A Mother’s Day Card for My Internet Sisterhood.

Two years and five months ago, my mom died. I thought then that I was motherless. Some days I still feel that way. And being the only woman in a family of men now without mom, some days I feel sisterless too. A girl alone in the world.

There’s a void for words of wisdom, for nurturing spirits, for safe relationships. I know I can never really fill it. I know she can’t be replaced. But it is because of that deep need that I look carefully for women evoke the kind of life and joy that my mother did. In the face of death, I’ve begun to search for life. And when I notice a loving, nurturing, wise spirit I am drawn to it like a flower lifting its face to a sunbeam. I bask in it. I soak it up.

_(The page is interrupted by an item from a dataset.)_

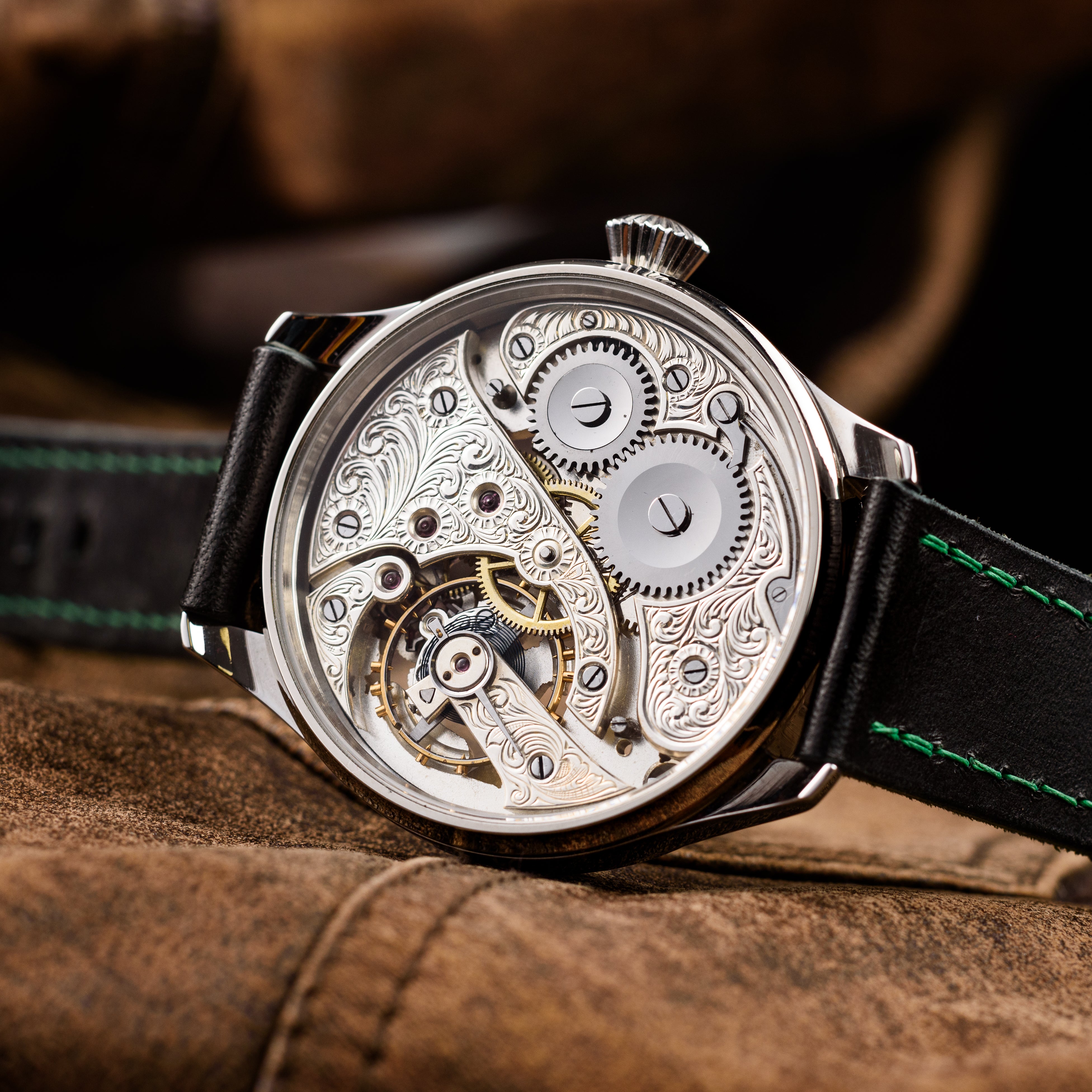 Mole. Antique Caliber 5. Movement 1920s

I have those women in my day-to-day life, my aunts, my grandmother, my best friends. But I also have them in that little digital window of the internet. At the Festival of Faith & Writing a few weeks ago, I connected with so many friends I know online, most of them women. I know from the words they write that they are kindred spirits, but meeting them in person, spending time with them around tables and conference sessions and hotel pools, gave me something more. They were there with a warm hand on my shoulder, they were there with twinkling eyes and howls of laughter, they were there with their tears and looks of understanding. Their presence reminded me in every tangible way that I am not motherless or sisterless.

So this post is a Mother’s Day card for my internet sisterhood, the nurturing women that surround me with their words of hope and kind hearts.

Women like Sarah Joslyn and Kelli Woodford and Cara Strickland, women like Emily Maynard and Danielle Vermeer and Abi Betchel, women like Tammy Perlmutter and Brenna D’Ambrosio and Kristin Tennant, women like Emily Miller and Elora Nicole and Abby Norman and Leanne Penny, women like Grace Sandra and Natalie Trust and Tamara Barrack Rice and Leigh Kramer and Alece Ronzino, women like Idelette McVicker and Tina Francis and Holly Grantham, women like Addie Zierman and Rachel Held Evans and Sarah Bessey.

I want you to know that you have enriched my life in every way – in my faith, in my writing, in my marriage, in my hope and in my grief.

I want you to know that I bask in your wisdom and companionship.

I want you to know that you remind me every day that sisterhood is about encouragement, not competition.

I want you to know that your words and your stories are sacred to me.

I want you to know that I see you, and you are faithful. You are true. You are beautiful. You are brave.

I want you to know that you embody grace for me.

Thank you. Happy Mother’s Day. I love you.